WATER is at last coursing through Queensland's desert rivers and channels, transforming the arid outback into verdant pasture as it flows towards Lake Eyre in South Australia.
Floodwaters across the Georgina-Diamantina catchment around Bedourie and the Coopers Creek catchment near Windorah are moving through the world's last unregulated wild river system, filling channels that now measure up to 5m deep after being dry for years.
"It's like a network of veins - it defies logic really. It's so spectacular," said Steve Wilson, the regional co-ordinator for Desert Channels Queensland. "We haven't had this sort of rain for probably several years."
Tussocks of native pasture have burst up across large parts of the northern reaches of the Lake Eyre basin, with Queensland bluegrass, Flinders grass and spinifex among the most common species. The dune country around Windorah will soon be covered in spectacular wildflowers.

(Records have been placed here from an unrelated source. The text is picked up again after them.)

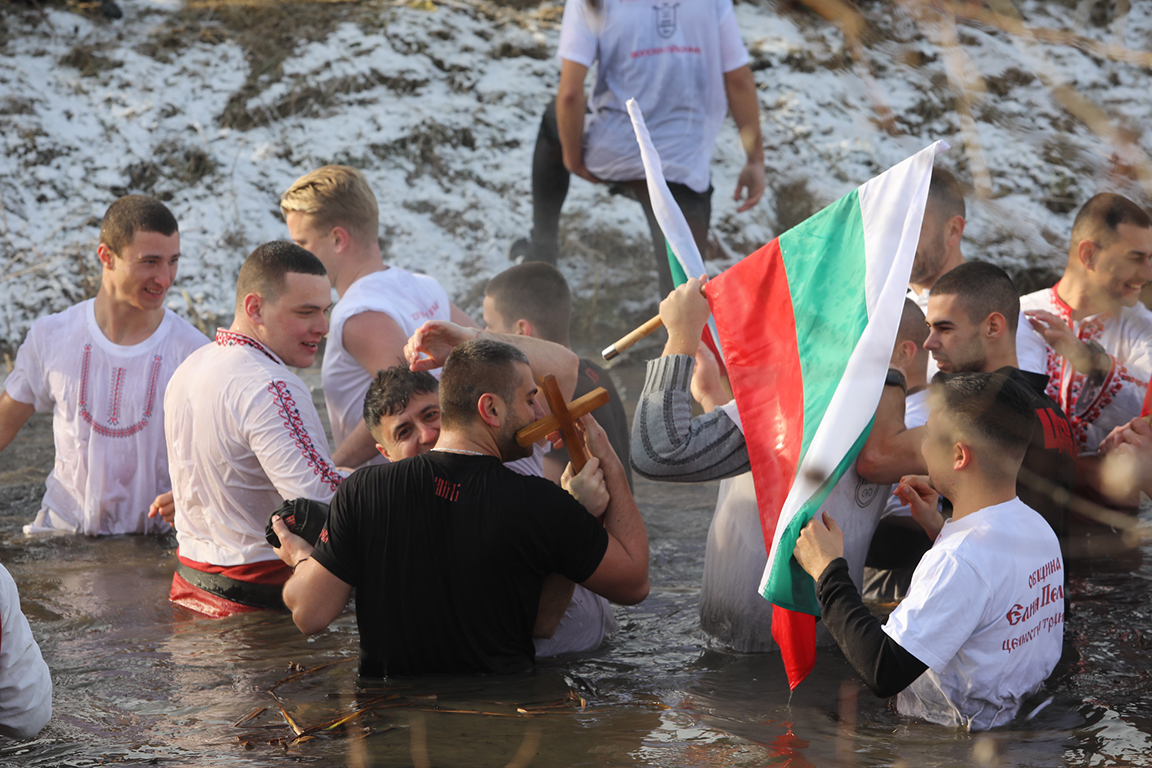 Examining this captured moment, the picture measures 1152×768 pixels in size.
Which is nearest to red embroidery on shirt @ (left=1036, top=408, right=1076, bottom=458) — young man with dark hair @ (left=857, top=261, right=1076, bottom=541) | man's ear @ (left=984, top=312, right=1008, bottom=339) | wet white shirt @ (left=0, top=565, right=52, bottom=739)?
young man with dark hair @ (left=857, top=261, right=1076, bottom=541)

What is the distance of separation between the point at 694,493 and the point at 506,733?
381 cm

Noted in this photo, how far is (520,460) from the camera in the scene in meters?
4.30

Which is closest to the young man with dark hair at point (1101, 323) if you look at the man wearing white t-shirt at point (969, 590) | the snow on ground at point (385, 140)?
the man wearing white t-shirt at point (969, 590)

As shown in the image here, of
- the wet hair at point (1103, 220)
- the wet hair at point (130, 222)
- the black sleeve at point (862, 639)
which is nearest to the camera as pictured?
the black sleeve at point (862, 639)

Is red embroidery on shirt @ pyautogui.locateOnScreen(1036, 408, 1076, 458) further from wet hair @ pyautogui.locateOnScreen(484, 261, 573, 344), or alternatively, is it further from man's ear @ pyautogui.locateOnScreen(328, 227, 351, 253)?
man's ear @ pyautogui.locateOnScreen(328, 227, 351, 253)

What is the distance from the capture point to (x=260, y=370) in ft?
14.9

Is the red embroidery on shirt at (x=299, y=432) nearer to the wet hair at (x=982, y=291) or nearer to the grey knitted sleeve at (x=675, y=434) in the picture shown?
the grey knitted sleeve at (x=675, y=434)

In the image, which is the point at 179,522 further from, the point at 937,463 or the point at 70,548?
the point at 937,463

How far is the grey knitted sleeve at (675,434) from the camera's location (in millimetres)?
3797

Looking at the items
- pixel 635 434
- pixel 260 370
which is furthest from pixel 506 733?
pixel 260 370

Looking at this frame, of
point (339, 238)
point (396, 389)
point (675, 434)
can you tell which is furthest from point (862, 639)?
point (339, 238)

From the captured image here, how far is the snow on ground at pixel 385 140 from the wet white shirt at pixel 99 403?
15.2ft

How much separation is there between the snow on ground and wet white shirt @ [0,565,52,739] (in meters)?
7.99

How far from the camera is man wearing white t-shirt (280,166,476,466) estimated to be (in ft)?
17.3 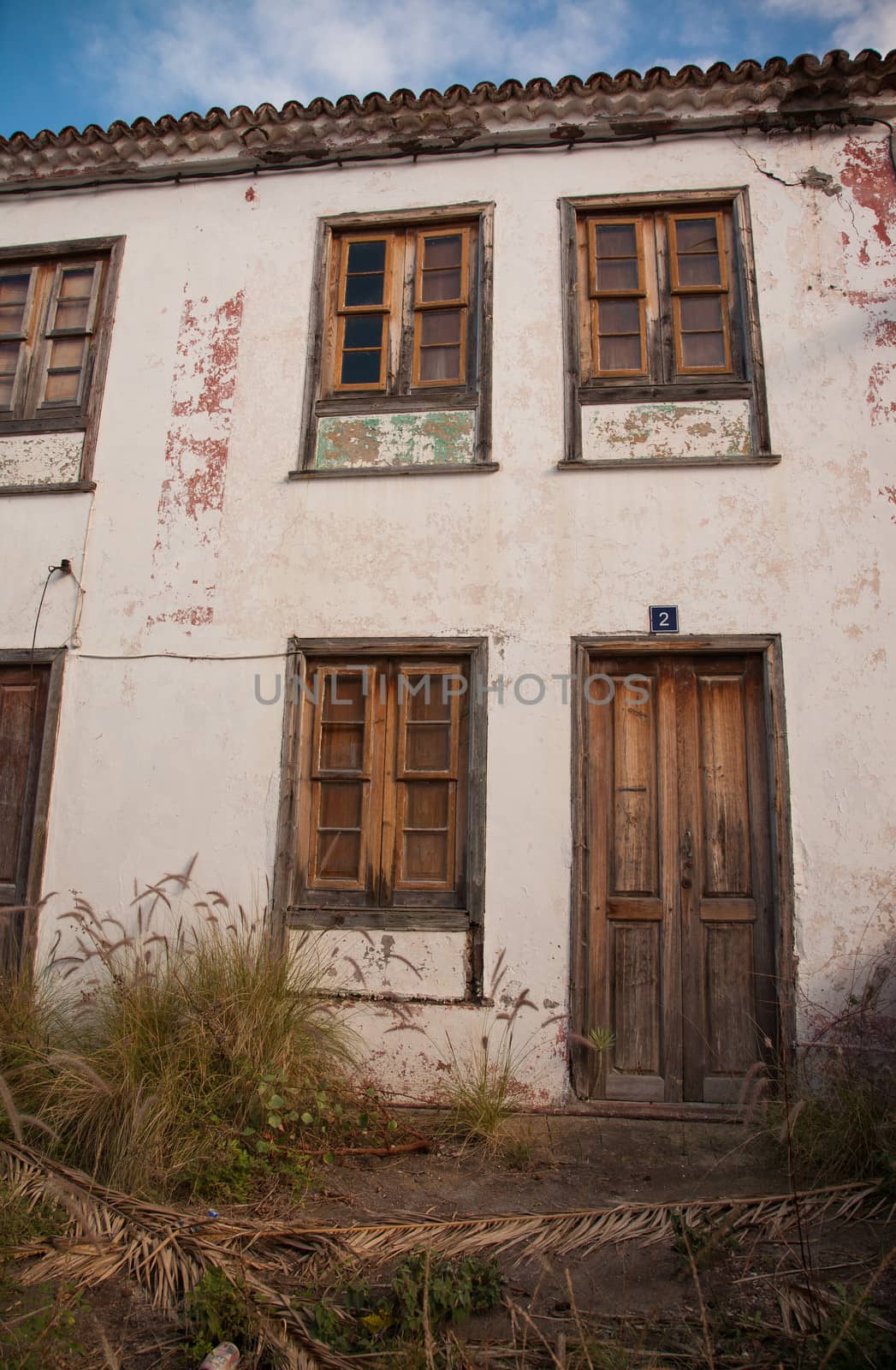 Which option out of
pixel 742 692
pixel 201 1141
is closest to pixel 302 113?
pixel 742 692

Some areas have received three times their normal annual rainfall. Birdsville first flooded when it rained in January. Now the rains that fell upstream, at Bedourie on Eyre Creek, and over Mulligan Creek along the eastern side of the Simpson Desert, have cut the roads again. "We've woken up to water views," said Nell Brook, who lives in Birdsville and runs the Adria Downs station with husband David. "It's drought-breaking, but it's not the end of the drought because the recovery is going to be fairly long."